Effect of Phoslock® on pH, conductivity and oxygen saturation

We tested the effect of Phoslock® on pH, conductivity and oxygen saturation in algal growth medium (WC medium; Lürling & Beekman, 2006) and GF/C filtered (Whatman) pond water–Kienehoef pond (Sint-Oedenrode, The Netherlands). Stock suspension of 6.4 g Phoslock® in 80 ml WC medium and filtered pond water were diluted using WC medium, respectively, filtered pond water to 0.625, 1, 1.25, 2, 5, 10, 20 and 40 g l−1 (80 ml final volume) in 100 ml plastic containers. A 80 ml control (0 g Phoslock®) was kept for both series. For each dose of Phoslock® and type of water medium one experimental unit was obtained.

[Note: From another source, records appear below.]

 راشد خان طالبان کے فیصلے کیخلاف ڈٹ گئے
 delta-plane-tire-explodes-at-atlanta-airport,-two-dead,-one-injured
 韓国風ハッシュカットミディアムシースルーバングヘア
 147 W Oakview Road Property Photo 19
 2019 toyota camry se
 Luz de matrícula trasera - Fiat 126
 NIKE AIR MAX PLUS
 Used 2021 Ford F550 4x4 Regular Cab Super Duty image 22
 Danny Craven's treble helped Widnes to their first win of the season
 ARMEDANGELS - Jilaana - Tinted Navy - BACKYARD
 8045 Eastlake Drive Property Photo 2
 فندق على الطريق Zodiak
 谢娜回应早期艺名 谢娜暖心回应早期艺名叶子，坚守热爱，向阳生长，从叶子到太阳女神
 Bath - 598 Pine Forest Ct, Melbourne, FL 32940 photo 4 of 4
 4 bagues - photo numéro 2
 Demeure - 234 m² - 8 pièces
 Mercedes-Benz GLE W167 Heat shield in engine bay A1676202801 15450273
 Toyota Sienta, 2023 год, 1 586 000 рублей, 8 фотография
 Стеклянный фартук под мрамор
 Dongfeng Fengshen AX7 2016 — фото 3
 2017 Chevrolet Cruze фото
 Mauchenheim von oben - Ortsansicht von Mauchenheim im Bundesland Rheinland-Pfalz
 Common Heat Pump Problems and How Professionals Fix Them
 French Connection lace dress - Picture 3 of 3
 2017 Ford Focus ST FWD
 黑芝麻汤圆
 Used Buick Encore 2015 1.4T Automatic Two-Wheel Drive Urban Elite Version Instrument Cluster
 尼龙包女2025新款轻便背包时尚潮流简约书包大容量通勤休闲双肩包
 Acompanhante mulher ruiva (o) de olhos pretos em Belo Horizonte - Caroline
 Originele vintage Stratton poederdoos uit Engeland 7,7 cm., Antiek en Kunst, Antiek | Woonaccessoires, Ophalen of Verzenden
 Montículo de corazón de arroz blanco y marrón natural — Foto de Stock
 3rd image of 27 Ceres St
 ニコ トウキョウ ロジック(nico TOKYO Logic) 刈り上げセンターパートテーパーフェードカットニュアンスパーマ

The experiment was performed in a laboratory setting at 20°C and pH (WTW-pH320 meter), conductivity (EC) (WTW-Cond 330i meter) and oxygen saturation (Oxyguard oxygen meter) were measured at t = 0, 1 and 2 h.

As we found little effect of Phoslock® on pH we present median, minimum and maximum values, without formal testing. We observed a linear increase in EC with Phoslock® dose, which was independent of time. For this linear EC—dose relation we estimated intercepts and slopes according to y = a + bx (y = mean EC over time, x = dose, a = intercept and b = slope). For the estimated slopes we tested H 0: b = 0 and compared the slopes in each medium using Graphpad Prism 5.04. As we found no effects on oxygen saturation we performed no formal statistical test.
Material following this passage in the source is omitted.